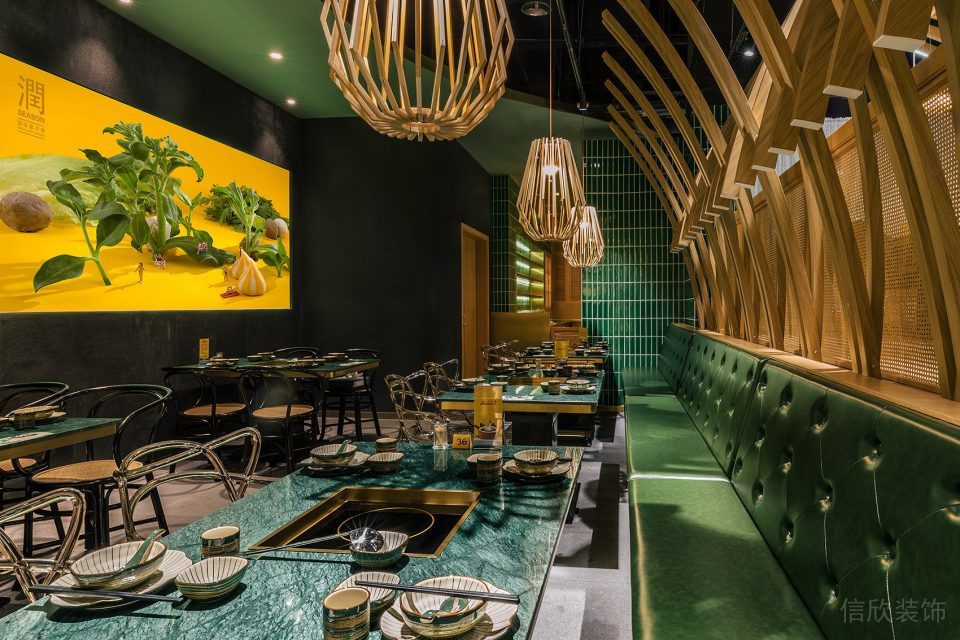 深圳光明中糧云景悅街東南亞風格火鍋餐廳裝修案例原木藝術吊燈 深圳光明中糧云景悅街東南亞風格火鍋餐廳裝修案例原木藝術吊燈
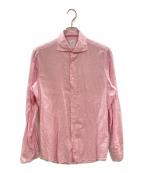 finamoreフィナモレ）の古着「コットンリネンシャツ/フィナモレ/26098-1」｜ピンク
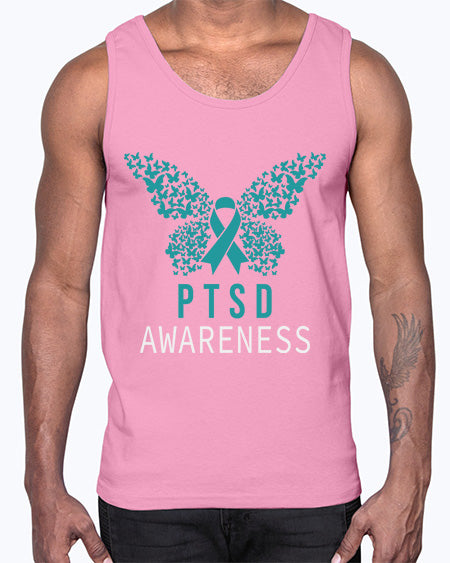 Butterfly PTSD Awareness Teal Ribbon 26#- PTSD- Cotton Tank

__________________________________________________

### What needs to be done
An exact copy of all the data above is required; omit any pictures.

### Completed task
 深圳光明中糧云景悅街東南亞風格火鍋餐廳裝修案例原木藝術吊燈 深圳光明中糧云景悅街東南亞風格火鍋餐廳裝修案例原木藝術吊燈
 finamoreフィナモレ）の古着「コットンリネンシャツ/フィナモレ/26098-1」｜ピンク
 Butterfly PTSD Awareness Teal Ribbon 26#- PTSD- Cotton Tank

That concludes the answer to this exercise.